Musica di sottofondo
Arrangiamento musicale di Cristian Messina

Meditazione
Don Franco Mastrolonardo

Meditazione
Partiamo dalla fine. Il giovane se ne andò triste: possedeva infatti molte ricchezze. Se fosse il risultato di un problema matematico, potremmo tranquillamente sostenere l’equazione: molte ricchezze, molta tristezza. Che tristezza però, commenterei. Eppure quel ragazzo è partito deciso, entusiasta. La domanda sulla vita eterna equivale a dire: desidero la felicità. Gesù gli da udienza, lo ascolta, ci dialoga, ma ad un certo momento lo coglie in fallo.
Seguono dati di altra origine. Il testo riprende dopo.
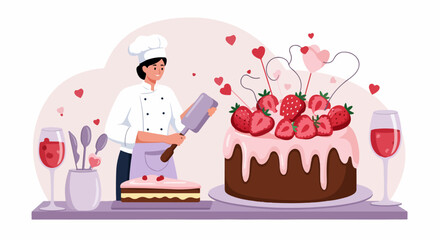 Female Pastry Chef Decorating a Romantic Strawberry Chocolate Cake with Pink Icing and Heart Decorations for Valentine's Day.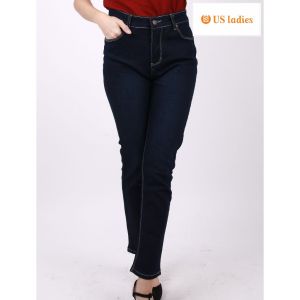 US Ladies Slim Fit High Waist Cotton Jeans - Dark Blue (25"/36") 3113995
Il bug sta in questa frase che cito: Tutte queste cose le ho osservate: cos’altro mi manca? Ecco l'inghippo. Il giovane associa la felicità a dei compitini da fare. Dico tot preghiere, faccio tot opere di carità ed ecco divento felice. Ma la felicità non è una pura addizione di meriti. E' esattamente il contrario. Una sottrazione. Non è il fare, ma il lasciarsi fare, non è l’accumulare ma il perdere.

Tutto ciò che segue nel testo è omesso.